QPR have obvious strengths - they're very good in the middle and quick down the wings, which will probably frustrate Chelsea because diagonal long passes are the best way to unsettle the Blues' defence. They have obvious weaknesses, too, the most obvious being that they are in no way shape or form as good at us, which makes for a far less interesting tactical battle.

When you're much better than your opposition and have obvious weaknesses that they're going to try to exploit, mitigating those weaknesses and playing normally means you're probably going to win, so tactically the onus is on QPR to come up with a way to neutralise the Chelsea threat. That probably means trying to track Juan Mata, which has proved pretty difficult for all concerned so far. If you want a more in-depth tactical report, someone already wrote that preview for you.

Chelsea have some interesting selection dilemmas. With Ramires out with a knee injury, their midfield looks a little bit odd, and it's not entirely clear who'll be starting at centre forward with Didier Drogba, Nicolas Anelka and perhaps even Daniel Sturridge all in contention for a spot. My solution to the midfield would be to use the relatively rested Raul Meireles and Frank Lampard, who've both had a little more than a game over the past week. Realistically, rest shouldn't be much of a worry - the Blues have had three days off after a very easy match against Genk, and if they can't play after that then they're embarrassingly unfit. Or they're old.

I'd pick Drogba up front because that will force the QPR line to play higher, and I'd flank him with Mata and Sturridge. Anelka played exceptionally well on Wednesday, true, but players shouldn't have to 'earn' a starting spot based on previous performance. If they're going to be useful, play them. Sturridge will stretch the play better than Anelka would, so he should probably start. It's not like we have a shortage of games Nico can feature in coming up.

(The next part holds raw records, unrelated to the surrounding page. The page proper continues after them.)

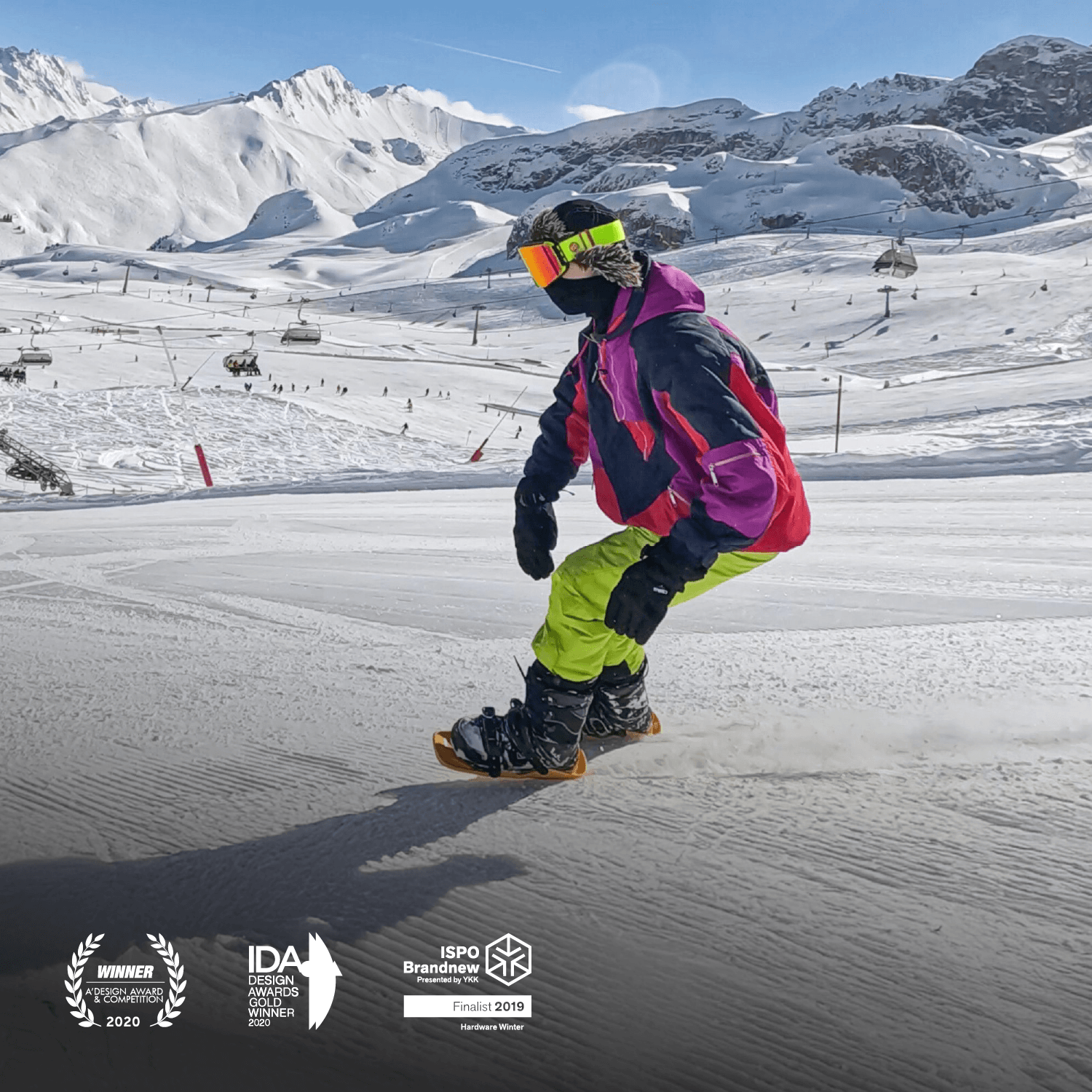 Person on short skis snowboarding on a snowy slope with mountains in the background
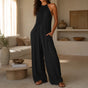 Drevana – Halter Wide-Leg Jumpsuit with Deep Pockets, Flowy Drape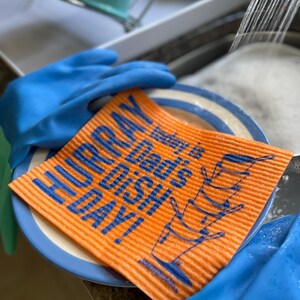 Op de afbeelding: Een oranje vaatdoek met blauwe tekst die "HURRAY today is dad's dish day!" luidt en een stapel blauw-wit servies.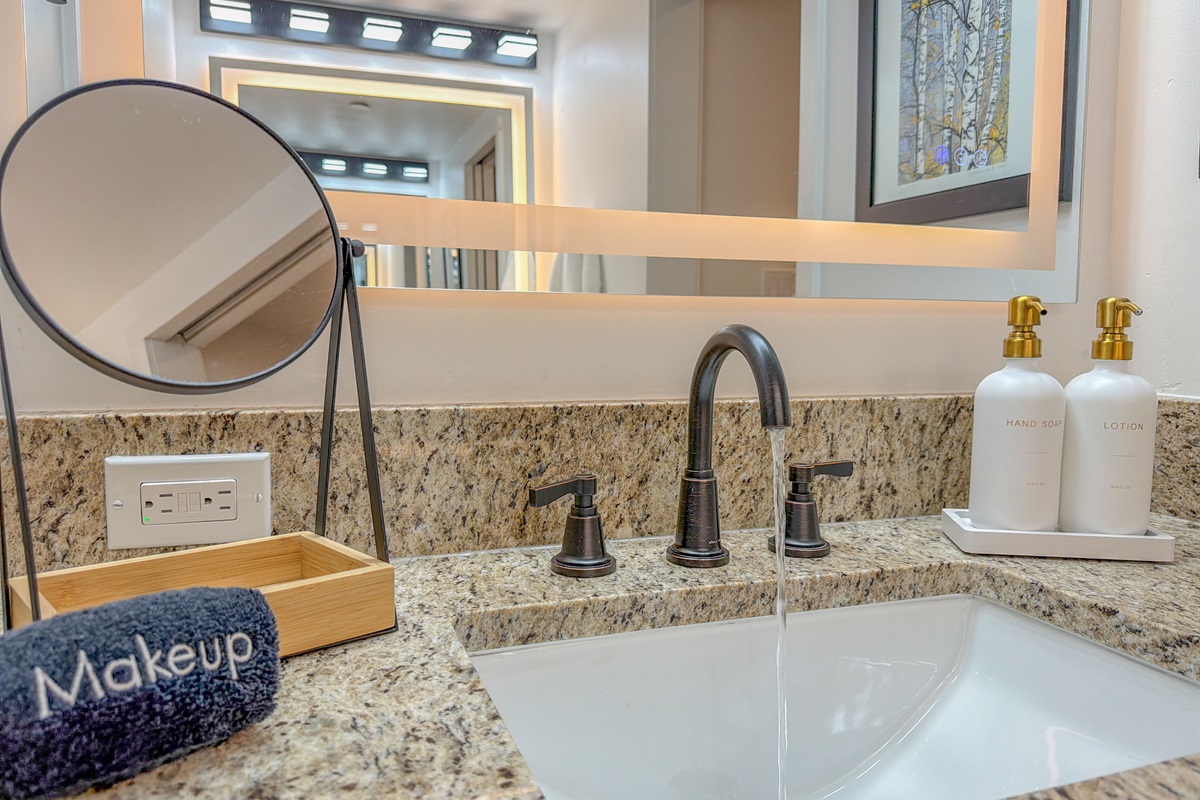 Newly renovated double bathroom vanities - thoughtfully stocked with hand soap, a dedicated makeup towel, and lotion for your convenience.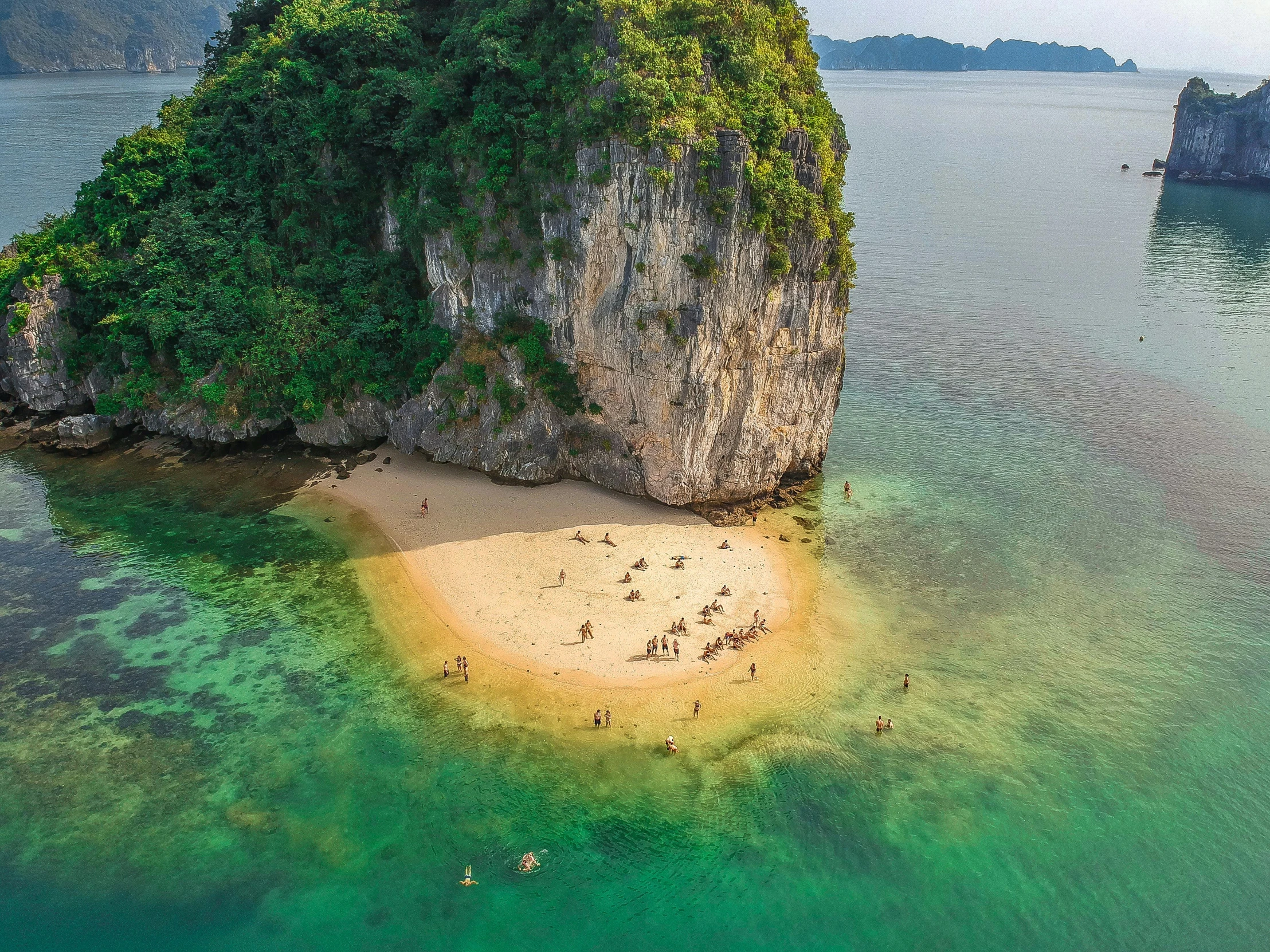 people floating in clear waters around an island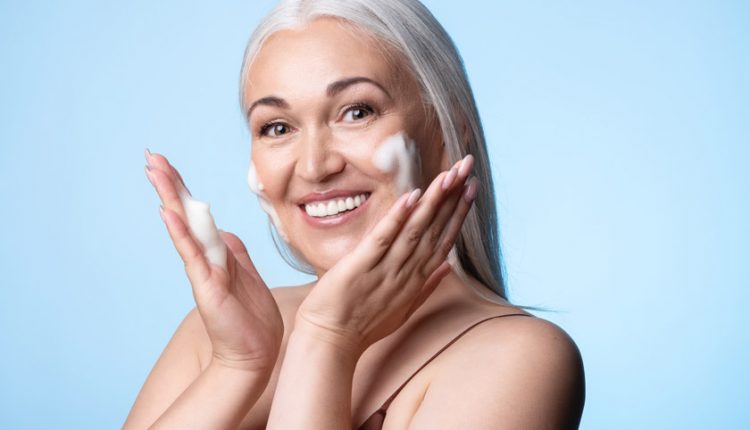 Attractive senior woman using a facial cleanser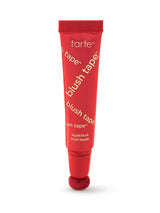 Red tube of tarte blush tape on a white background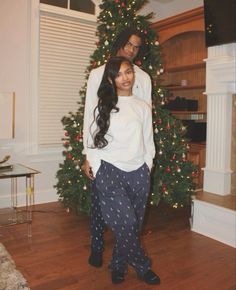 two people standing in front of a christmas tree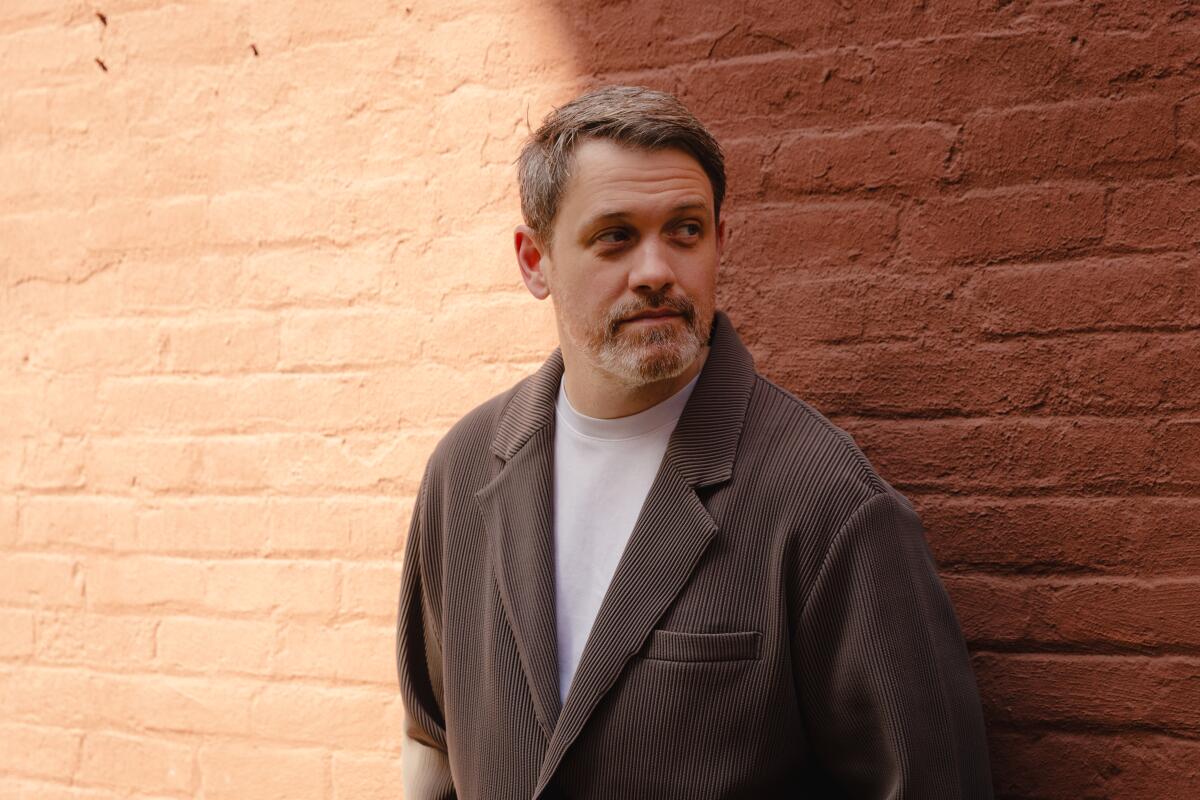 Director Michael Arden photographed against a brick wall.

I would also favour David Luiz returning to the starting lineup, but I think we can all attest to the fact that I'm biased. The man might be an erratic defender, but the rest of our lost are erratic defenders anyway and we're playing against a team that will presumably be going for a point at best. David Luiz's creativity and passing will provide a secondary threat behind Mata, and whenever he doesn't feature Chelsea's attack looks far less coherent. Play him.

Here's my lineup:

Chelsea (4-3-3): Petr Cech; Ashley Cole, John Terry, David Luiz, Jose Bosingwa; John Obi Mikel, Frank Lampard, Raul Meireles; Juan Mata, Didier Drogba, Daniel Sturridge.

Boring, right? I'm going to go for a 3-1 win here, because two clean sheets in a row would be weird and not scoring against QPR would be even weirder. The match is at Loftus Road at 4:00 PM GMT (11:00 AM EST) on Sunday. Be here... or be elsewhere, I guess. That's cool too.

PS: God I hope Neil Warnock finds something to whine about at the end of this one.